DIRECTIONS: Using the records that follow, reproduce exactly the lines starting at the line containing "kitchen with a" and ending at the line containing "a young woman standing outside of a building". Include both end lines and no pictures.

DATA EXTRACTS:

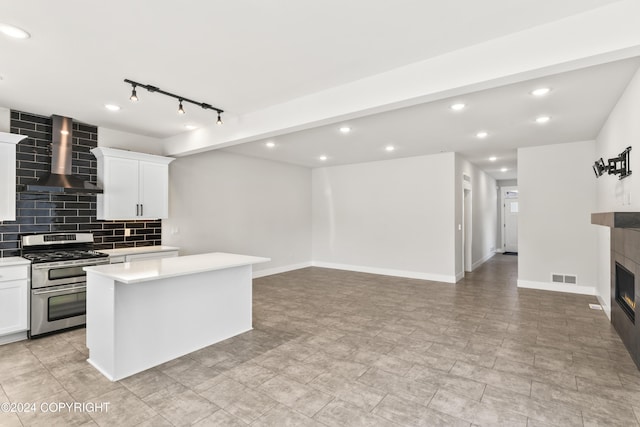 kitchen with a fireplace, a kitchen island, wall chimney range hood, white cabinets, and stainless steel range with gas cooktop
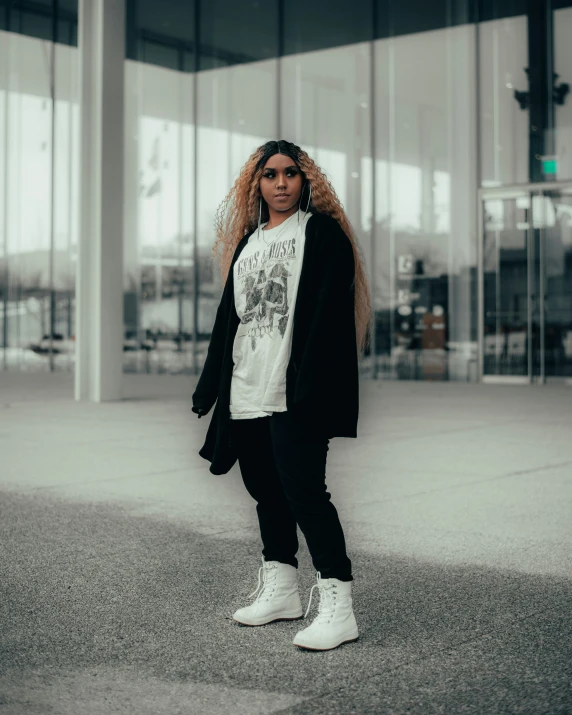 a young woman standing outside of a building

...

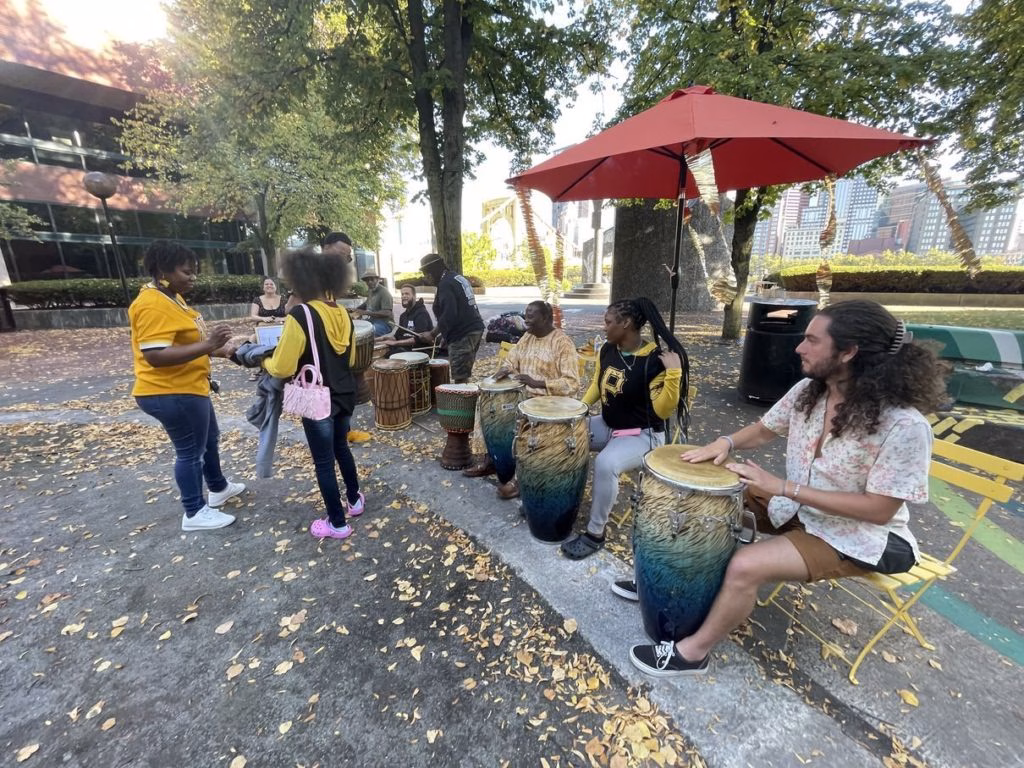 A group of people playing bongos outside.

FINAL ANSWER:
 kitchen with a fireplace, a kitchen island, wall chimney range hood, white cabinets, and stainless steel range with gas cooktop
 a young woman standing outside of a building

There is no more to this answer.